问题:

it would be best if there is a document or example that is available to the public to show how to integrate Angular http(with credentials) with Spring Security.

I have a way to login which I will show the code below, but I think there must be a better way. Maybe with the option in the Http header withCredentials, but where you provide your credentials?

It is keeping idToken from external auth. service (Google+) and type ( determine type of the auth. service) in headers, so you dont need pass them as a request parameter or as a path variable.

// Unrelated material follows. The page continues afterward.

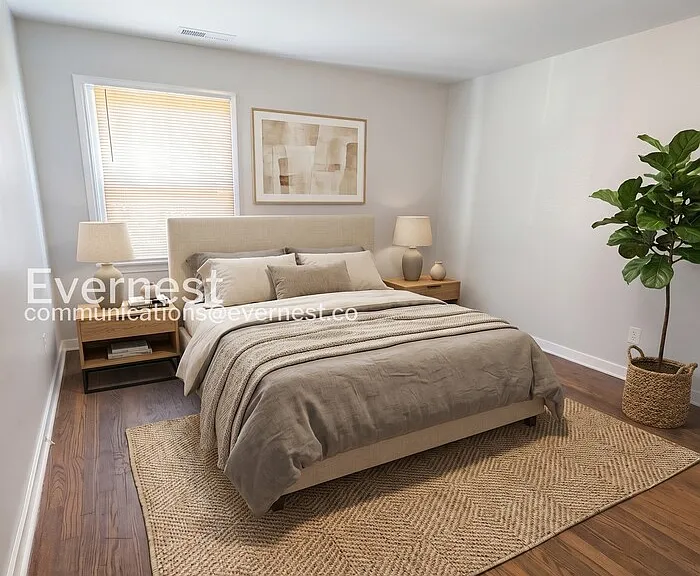 5725 Avenue O — Photo 4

Then in the backend (Spring Java), there is a spring AOP that save the user to the SecurityContext after verification.

Angular Http Call

import { Http, Headers, RequestOptions } from '@angular/http';
...
constructor(private http: Http...){...}
...
search(){
    let options ;
    if (this.loginService.user) {
        let headers = new Headers({ 'idToken': this.loginService.user.idToken,'type':this.loginService.user.type});
        options = new RequestOptions({ headers: headers });
    }
    return this.http
        .get("searchurl",options)
        ...

GooglePlusAuthService

import java.util.Collections;

import org.slf4j.Logger;
import org.slf4j.LoggerFactory;
import org.springframework.beans.factory.annotation.Value;
import org.springframework.stereotype.Service;

import com.google.api.client.googleapis.auth.oauth2.GoogleIdToken;
import com.google.api.client.googleapis.auth.oauth2.GoogleIdToken.Payload;
import com.google.api.client.googleapis.auth.oauth2.GoogleIdTokenVerifier;
import com.google.api.client.http.javanet.NetHttpTransport;
import com.google.api.client.json.jackson2.JacksonFactory;

@Service
public class GooglePlusAuthService implements AuthenticationService{

    private Logger logger = LoggerFactory.getLogger(GooglePlusAuthService.class);
    private static String clientId;
    @Value("${client_id.google}")
    public void setClientId(String clientId){
        GooglePlusAuthService.clientId=clientId;
    }
    @Override
    public void login(String token) {
        GoogleIdTokenVerifier verifier = new GoogleIdTokenVerifier.Builder(new NetHttpTransport(), new JacksonFactory())//.setIssuer(clientId)
                .setAudience(Collections.singletonList(clientId))
                .build();

            GoogleIdToken idToken;
            try {
                idToken = verifier.verify(token);
                if (idToken != null) {
                      Payload payload = idToken.getPayload();
                      User user = new User();
                      user.setId(Authenticator.AUTH_TYPE_GOOGLE+"_"+payload.getSubject());
                      user.setUsername((String) payload.get("name"));
                      user.setToken(token);
                      AuthenticationUtils.setUser(user);
                    } else {
                        logger.info("Failed to login with Google plus. Invalid ID token.");
                    }
            } catch (Exception e) {
                e.printStackTrace();
                logger.error("Failed to login with Google plus." + e.getMessage());
            }
    }
}

AuthenticationUtils

import org.springframework.security.authentication.UsernamePasswordAuthenticationToken;
import org.springframework.security.core.Authentication;
import org.springframework.security.core.context.SecurityContextHolder;

public class AuthenticationUtils {

    public static void setUser(User user){
        Authentication authentication = new UsernamePasswordAuthenticationToken(user, null);
        SecurityContextHolder.getContext().setAuthentication(authentication);
    }

    public static User getUser(){
        if(SecurityContextHolder.getContext().getAuthentication()!=null)
            return (User) SecurityContextHolder.getContext().getAuthentication().getPrincipal();
        return null;
    }
}

This code has a bug which I am also trying to find out.

Why AuthenticationUtils.getUser() is giving me the last signed in user when I didn't provide any credential info. I just opened the url with a private browser and it gets me the last signed in user in the backend.